Task to complete: Your task is to write out exactly the lines of the listing below, from the first down to the line that holds "Fucking my sick".

Content starts

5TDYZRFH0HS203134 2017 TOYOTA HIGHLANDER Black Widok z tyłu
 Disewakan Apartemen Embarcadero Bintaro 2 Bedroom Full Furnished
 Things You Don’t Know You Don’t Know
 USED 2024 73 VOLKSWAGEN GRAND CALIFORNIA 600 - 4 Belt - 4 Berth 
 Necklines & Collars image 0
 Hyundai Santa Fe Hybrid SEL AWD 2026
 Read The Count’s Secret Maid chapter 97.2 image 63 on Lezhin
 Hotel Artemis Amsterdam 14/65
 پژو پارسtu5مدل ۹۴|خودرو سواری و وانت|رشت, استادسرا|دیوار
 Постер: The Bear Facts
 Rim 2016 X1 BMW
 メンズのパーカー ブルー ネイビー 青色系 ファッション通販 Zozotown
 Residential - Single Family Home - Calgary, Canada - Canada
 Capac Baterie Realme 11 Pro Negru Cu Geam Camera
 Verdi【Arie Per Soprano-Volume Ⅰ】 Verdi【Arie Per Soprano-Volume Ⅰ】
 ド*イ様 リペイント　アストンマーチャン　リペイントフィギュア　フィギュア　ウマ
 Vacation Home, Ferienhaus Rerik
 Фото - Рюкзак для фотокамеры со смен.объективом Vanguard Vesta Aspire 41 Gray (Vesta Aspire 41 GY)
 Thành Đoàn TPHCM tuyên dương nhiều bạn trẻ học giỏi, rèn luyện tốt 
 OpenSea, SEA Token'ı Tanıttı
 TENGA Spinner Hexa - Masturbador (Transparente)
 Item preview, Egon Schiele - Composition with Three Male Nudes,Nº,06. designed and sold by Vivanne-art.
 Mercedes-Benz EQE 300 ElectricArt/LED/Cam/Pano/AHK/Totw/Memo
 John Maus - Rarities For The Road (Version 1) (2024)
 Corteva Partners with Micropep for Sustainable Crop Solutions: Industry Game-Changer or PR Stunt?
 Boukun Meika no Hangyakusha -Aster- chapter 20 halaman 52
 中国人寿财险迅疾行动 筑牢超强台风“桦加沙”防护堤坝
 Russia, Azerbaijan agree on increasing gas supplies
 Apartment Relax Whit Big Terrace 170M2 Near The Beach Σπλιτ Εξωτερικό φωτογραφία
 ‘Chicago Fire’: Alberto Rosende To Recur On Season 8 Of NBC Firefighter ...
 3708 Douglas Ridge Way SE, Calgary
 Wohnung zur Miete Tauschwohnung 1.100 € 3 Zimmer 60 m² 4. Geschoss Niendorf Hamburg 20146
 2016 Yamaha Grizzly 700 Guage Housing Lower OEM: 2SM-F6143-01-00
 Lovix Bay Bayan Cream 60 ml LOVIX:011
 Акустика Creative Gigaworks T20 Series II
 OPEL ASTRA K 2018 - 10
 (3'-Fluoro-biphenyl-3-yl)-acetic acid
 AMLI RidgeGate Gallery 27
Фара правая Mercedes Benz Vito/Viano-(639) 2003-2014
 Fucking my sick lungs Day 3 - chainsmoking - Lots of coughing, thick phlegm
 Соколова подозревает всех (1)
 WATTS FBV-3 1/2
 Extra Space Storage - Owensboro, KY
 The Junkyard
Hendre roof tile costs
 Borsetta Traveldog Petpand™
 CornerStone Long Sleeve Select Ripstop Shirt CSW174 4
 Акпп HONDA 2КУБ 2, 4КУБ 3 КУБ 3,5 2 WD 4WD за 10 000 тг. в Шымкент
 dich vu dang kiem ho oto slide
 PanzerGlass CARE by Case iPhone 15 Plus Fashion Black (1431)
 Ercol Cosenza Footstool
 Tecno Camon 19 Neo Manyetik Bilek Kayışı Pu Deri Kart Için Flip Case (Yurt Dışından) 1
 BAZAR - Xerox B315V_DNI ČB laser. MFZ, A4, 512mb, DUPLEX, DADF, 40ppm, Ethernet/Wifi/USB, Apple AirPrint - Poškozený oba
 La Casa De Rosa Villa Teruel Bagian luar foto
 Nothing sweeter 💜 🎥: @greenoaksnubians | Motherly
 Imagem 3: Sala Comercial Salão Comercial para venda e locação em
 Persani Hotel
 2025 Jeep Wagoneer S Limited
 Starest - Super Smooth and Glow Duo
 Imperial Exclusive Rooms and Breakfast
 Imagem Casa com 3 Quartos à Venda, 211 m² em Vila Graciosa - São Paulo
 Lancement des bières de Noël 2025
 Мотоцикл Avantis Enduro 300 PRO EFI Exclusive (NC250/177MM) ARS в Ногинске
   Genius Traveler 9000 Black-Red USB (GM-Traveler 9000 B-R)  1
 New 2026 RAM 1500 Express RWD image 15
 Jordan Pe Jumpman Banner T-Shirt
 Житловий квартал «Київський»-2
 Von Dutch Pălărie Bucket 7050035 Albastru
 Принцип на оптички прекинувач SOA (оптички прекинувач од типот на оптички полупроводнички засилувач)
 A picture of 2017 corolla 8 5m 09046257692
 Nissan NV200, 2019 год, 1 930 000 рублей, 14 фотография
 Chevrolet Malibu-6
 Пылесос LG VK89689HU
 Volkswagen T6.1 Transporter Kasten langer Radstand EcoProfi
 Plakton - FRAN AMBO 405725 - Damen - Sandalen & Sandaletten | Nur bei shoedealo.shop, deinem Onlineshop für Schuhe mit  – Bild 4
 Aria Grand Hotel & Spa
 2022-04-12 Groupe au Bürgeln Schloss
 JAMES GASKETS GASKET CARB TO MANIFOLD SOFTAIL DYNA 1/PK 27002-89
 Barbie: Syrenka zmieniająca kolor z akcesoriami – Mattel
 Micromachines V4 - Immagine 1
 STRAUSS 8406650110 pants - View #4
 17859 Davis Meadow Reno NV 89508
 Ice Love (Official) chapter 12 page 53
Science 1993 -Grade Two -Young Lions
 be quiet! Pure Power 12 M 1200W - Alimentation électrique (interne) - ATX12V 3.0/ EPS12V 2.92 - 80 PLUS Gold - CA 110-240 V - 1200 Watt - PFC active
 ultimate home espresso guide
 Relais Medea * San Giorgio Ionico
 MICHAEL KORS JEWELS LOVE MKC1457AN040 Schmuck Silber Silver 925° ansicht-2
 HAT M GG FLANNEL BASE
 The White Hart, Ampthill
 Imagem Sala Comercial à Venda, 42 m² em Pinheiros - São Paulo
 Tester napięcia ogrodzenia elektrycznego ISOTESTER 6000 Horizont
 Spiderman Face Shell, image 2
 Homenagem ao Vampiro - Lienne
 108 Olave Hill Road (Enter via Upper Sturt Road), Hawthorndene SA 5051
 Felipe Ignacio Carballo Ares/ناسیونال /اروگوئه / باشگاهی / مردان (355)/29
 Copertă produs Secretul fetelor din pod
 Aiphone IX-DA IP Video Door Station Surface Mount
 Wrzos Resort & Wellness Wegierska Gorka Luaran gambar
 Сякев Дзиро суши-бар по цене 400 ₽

Content ends

Reply:
5TDYZRFH0HS203134 2017 TOYOTA HIGHLANDER Black Widok z tyłu
 Disewakan Apartemen Embarcadero Bintaro 2 Bedroom Full Furnished
 Things You Don’t Know You Don’t Know
 USED 2024 73 VOLKSWAGEN GRAND CALIFORNIA 600 - 4 Belt - 4 Berth 
 Necklines & Collars image 0
 Hyundai Santa Fe Hybrid SEL AWD 2026
 Read The Count’s Secret Maid chapter 97.2 image 63 on Lezhin
 Hotel Artemis Amsterdam 14/65
 پژو پارسtu5مدل ۹۴|خودرو سواری و وانت|رشت, استادسرا|دیوار
 Постер: The Bear Facts
 Rim 2016 X1 BMW
 メンズのパーカー ブルー ネイビー 青色系 ファッション通販 Zozotown
 Residential - Single Family Home - Calgary, Canada - Canada
 Capac Baterie Realme 11 Pro Negru Cu Geam Camera
 Verdi【Arie Per Soprano-Volume Ⅰ】 Verdi【Arie Per Soprano-Volume Ⅰ】
 ド*イ様 リペイント　アストンマーチャン　リペイントフィギュア　フィギュア　ウマ
 Vacation Home, Ferienhaus Rerik
 Фото - Рюкзак для фотокамеры со смен.объективом Vanguard Vesta Aspire 41 Gray (Vesta Aspire 41 GY)
 Thành Đoàn TPHCM tuyên dương nhiều bạn trẻ học giỏi, rèn luyện tốt 
 OpenSea, SEA Token'ı Tanıttı
 TENGA Spinner Hexa - Masturbador (Transparente)
 Item preview, Egon Schiele - Composition with Three Male Nudes,Nº,06. designed and sold by Vivanne-art.
 Mercedes-Benz EQE 300 ElectricArt/LED/Cam/Pano/AHK/Totw/Memo
 John Maus - Rarities For The Road (Version 1) (2024)
 Corteva Partners with Micropep for Sustainable Crop Solutions: Industry Game-Changer or PR Stunt?
 Boukun Meika no Hangyakusha -Aster- chapter 20 halaman 52
 中国人寿财险迅疾行动 筑牢超强台风“桦加沙”防护堤坝
 Russia, Azerbaijan agree on increasing gas supplies
 Apartment Relax Whit Big Terrace 170M2 Near The Beach Σπλιτ Εξωτερικό φωτογραφία
 ‘Chicago Fire’: Alberto Rosende To Recur On Season 8 Of NBC Firefighter ...
 3708 Douglas Ridge Way SE, Calgary
 Wohnung zur Miete Tauschwohnung 1.100 € 3 Zimmer 60 m² 4. Geschoss Niendorf Hamburg 20146
 2016 Yamaha Grizzly 700 Guage Housing Lower OEM: 2SM-F6143-01-00
 Lovix Bay Bayan Cream 60 ml LOVIX:011
 Акустика Creative Gigaworks T20 Series II
 OPEL ASTRA K 2018 - 10
 (3'-Fluoro-biphenyl-3-yl)-acetic acid
 AMLI RidgeGate Gallery 27
Фара правая Mercedes Benz Vito/Viano-(639) 2003-2014
 Fucking my sick lungs Day 3 - chainsmoking - Lots of coughing, thick phlegm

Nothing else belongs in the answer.